COSTANTEMENTE IN PRIMA LINEA

“L’amore che Cristo ha chiesto a Pietro – così Willebrands riassumeva nel 1989 alla Radio vaticana il senso del suo operare – non è circoscritto ad un gruppo, nemmeno alla Chiesa cattolica: tutti sono sue pecorelle. E perciò l’amore è rivolto a tutti i cristiani, e quest’amore chiede prima di tutto l’unità, perché è una grande sofferenza quando una famiglia è divisa.

In questo spirito io ho inteso il mio nuovo compito e l’ho svolto con tutto il cuore e con tutte le forze, spirituali e materiali, che Dio mi ha dato”.

Il suo curriculum, in un paese come l’Olanda, noto per l’alto senso della libertà religiosa e di un annuncio calato nel contesto delle moderne dinamiche culturali (si pensi all’esperienza, controversa, ma comunque significativa, del Catechismo olandese uscito nel 1966), è, fino ai primi anni Cinquanta, piuttosto lineare.
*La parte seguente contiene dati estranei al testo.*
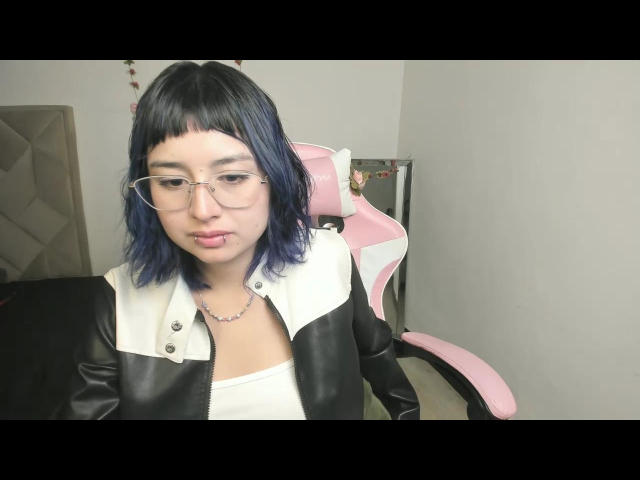 Aiiko with blue-dyed hair, glasses, and a black-and-white leather jacket, sitting on a pink gaming chair, pouting with her lips slightly curled.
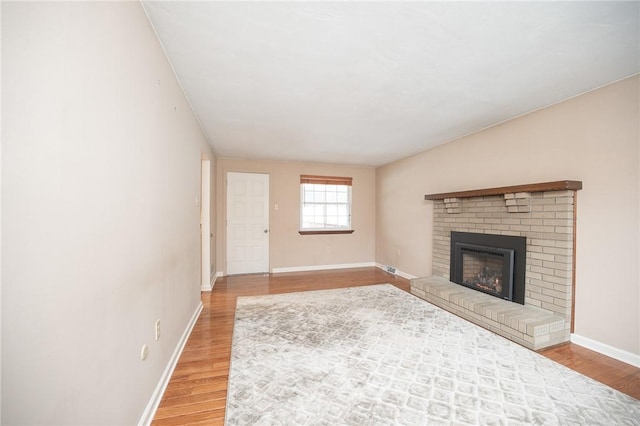 unfurnished living room with wood-type flooring and a brick fireplace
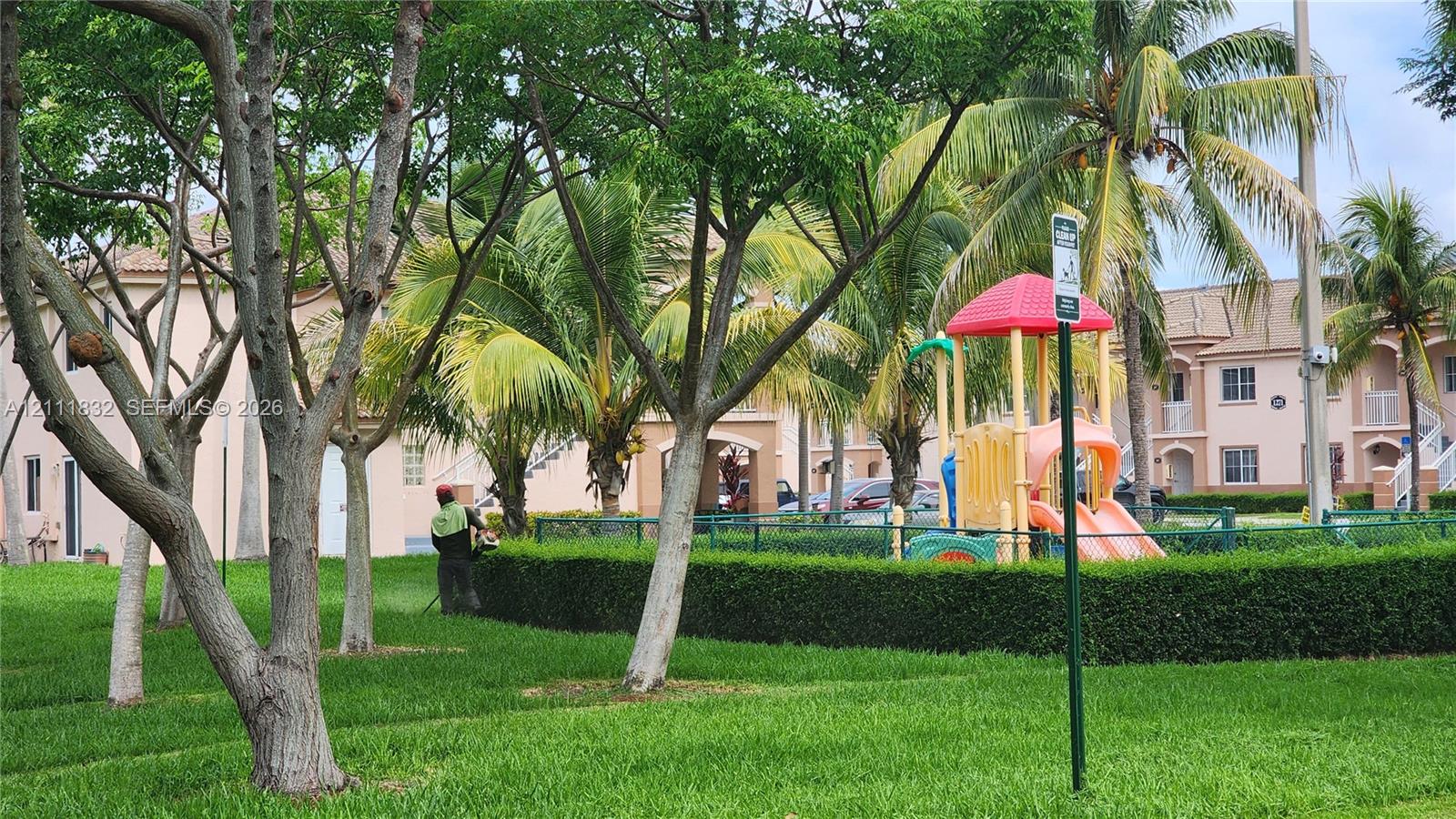 Communal green space featuring manicured lawns, mature tropical landscaping, and a fenced playground structure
Ordinato presbitero ventiquattrenne, studi filosofici all’Angelicum di Roma, cappellano della Begijnhof ad Amsterdam dal 1937 al 1940, è nominato docente di filosofia nel seminario di Warmond di cui, nel 1945, diverrà rettore.

I PRIMI IMPEGNI ECUMENICI

Qualche anno dopo la fine della guerra, la sua passione per l’unità trova una prima rappresentazione pubblica rilevante: è di allora, infatti, l’organizzazione in prima persona di una Conferenza cattolica europea per le questioni ecumeniche, di cui è subito segretario. Dietro all’originale progetto si cela un’ambizione evidente: abbattere i muri di secolare inimicizia e farsi organo di contatto tra i pionieri dell’ecumenismo in casa cattolica e il Consiglio ecumenico delle Chiese (Cec).
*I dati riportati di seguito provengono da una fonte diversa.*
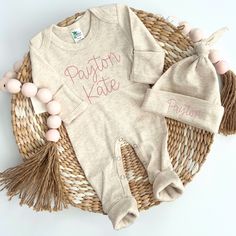 ✿ Welcome to our shop ✿ Our goal is to bring you the cutest and trendiest designs on the highest quality sweatshirts and shirts. All of our products are designed, embroidered printed, pressed, and shipped from our NJ studio. This adorable sleeper makes a perfect coming home outfit, newborn pictures, or baby shower gift. This features an ultra soft romper, with stitched name. Matching hat that will come with matching stitching. This outfit makes a perfect coming home outfit, newborn pictures, or Cute Cotton Onesie With Crew Neck, Custom Name Cotton Top As A Gift, Long Sleeve Onesie For Birthday, Cute Cotton Crew Neck Onesie, Cotton Long Sleeve Onesie, Unisex Cotton Onesie For Gender Reveal, Cotton Onesie With Letter Print For Gender Reveal, Long Sleeve Cotton Onesie, Cotton Onesie With Letter Print And Crew Neck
Nel 1958 l’episcopato olandese lo designa come delegato per le attività ecumeniche, e due anni dopo è lo stesso papa Giovanni XXIII a riconoscergli uno speciale carisma al riguardo, chiamandolo a Roma come segretario dell’appena costituito Segretariato per l’unità dei cristiani, che durante i lavori del Vaticano II, sotto la guida illuminata del card. Agostino Bea, si sarebbe occupato di predisporre i documenti sull’ecumenismo (Unitatis redintegratio), sulla libertà religiosa (Dignitatis humanae) e sui rapporti con le religioni non cristiane (Nostra aetate). Una rapida ascesa, quella di quell’organismo, nato appunto nel 1960 e dotato ai suoi esordi di uno statuto precario, che si trovò giocoforza a battersi con coraggio nella Curia romana per ritagliarsi un suo spazio.
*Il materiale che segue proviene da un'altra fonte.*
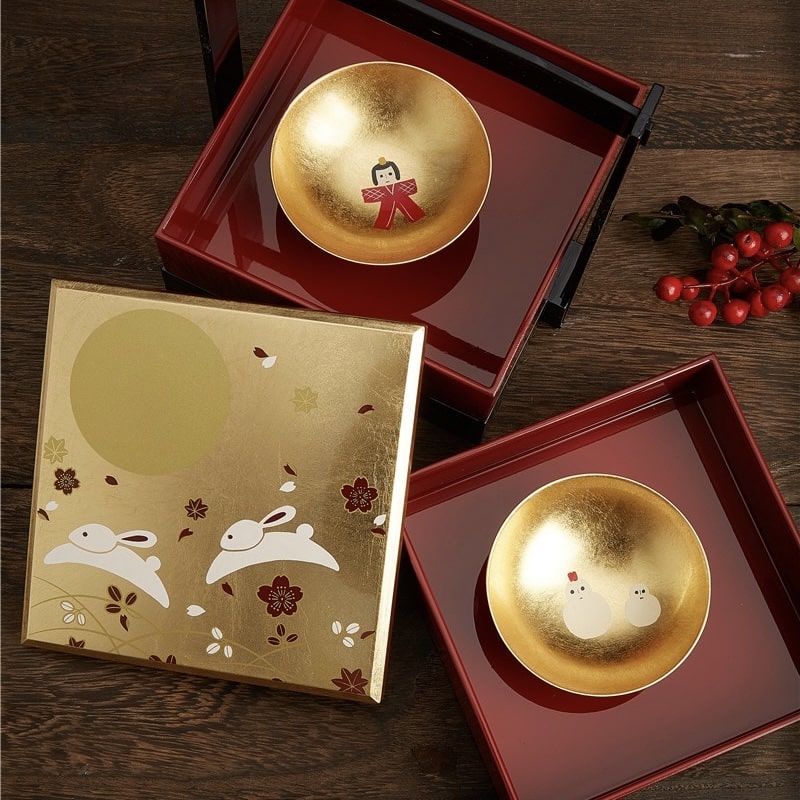 Japanese lacquerware sake cup set with gold-leaf interiors and colorful motifs.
GRANDE TESSITORE DELL’ECUMENISMO

A Willebrands spettano, di regola, le missioni più delicate: tocca a lui, ad esempio, il compito di leggere la memorabile dichiarazione solenne che, a Istanbul il 7 dicembre del 1965, cancella 911 anni di scomuniche reciproche fra il papato e il patriarcato ecumenico ortodosso. Tessitore equilibrato e capace, non è però un semplice collezionista di amicizie calibrate, né un puro negoziatore teologico, ma un credente sincero che ha deciso di assumere come caso serio il comandamento di Gesù ut unum sint.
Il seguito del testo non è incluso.